A família na atualidade é estabelecida segundo os preceitos do carinho, amor e do afeto. Os laços afetivos se sobrepõem aos biológicos e são eles que amarram a convivência familiar e a estrutura da sociedade. Dessa maneira, as relações afetivas devem ser estabelecidas de maneira livres e espontâneas. A ideia de afetividade deve ser construída, ela representa um processo dinâmico e dialético, em que o relacionamento entre pais e filhos é estabelecido com o decorrer da vida.

Nesse sentido a responsabilidade civil não seria apta a sanar os problemas decorrentes do abandono, como dispõe Farias e Rosenvald (2008) a indenização decorrente da negativa de afeto produziria uma verdadeira “patrimonialização” de algo que não possui característica econômica, seria subverter a evolução natural da ciência jurídica, retrocedendo a um período em que o ter valia mais que o ser.

Observa-se também que o medo da possível ação de responsabilidade civil por abandono, levaria os pais que não possuem qualquer tipo de relação afetiva com seus filhos, buscarem uma convivência forçada com receio de futuras sanções do judiciário.   Entretanto, a mera presença física, não é capaz de suprir os danos ocasionados pelo desinteresse demonstrado nesses encontros impostos pelo medo e poderiam ser muito mais danosos para os filhos, que esperam o apoio de seus pais e uma convivência afetiva espontânea.

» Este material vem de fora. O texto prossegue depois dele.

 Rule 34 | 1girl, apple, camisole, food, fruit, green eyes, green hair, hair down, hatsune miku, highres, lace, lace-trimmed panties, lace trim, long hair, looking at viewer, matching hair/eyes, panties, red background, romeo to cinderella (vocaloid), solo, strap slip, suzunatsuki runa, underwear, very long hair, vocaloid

Além desse aspecto, a busca judicial pelo “afeto”, ocasionará danos ao filho queixoso, visto que é uma situação humilhante, reclamar publicamente, por um amor negado, enquanto o pai ou mãe omisso declara também  publicamente a falta de amor.  

Com o posicionamento favorável a condenação pecuniária pelo abandono aos filhos, o judiciário terá uma quantidade exacerbada de ações indenizatórias com intuito meramente patrimonial, interesses visando apenas à vingança, o que descaracterizaria a relação familiar.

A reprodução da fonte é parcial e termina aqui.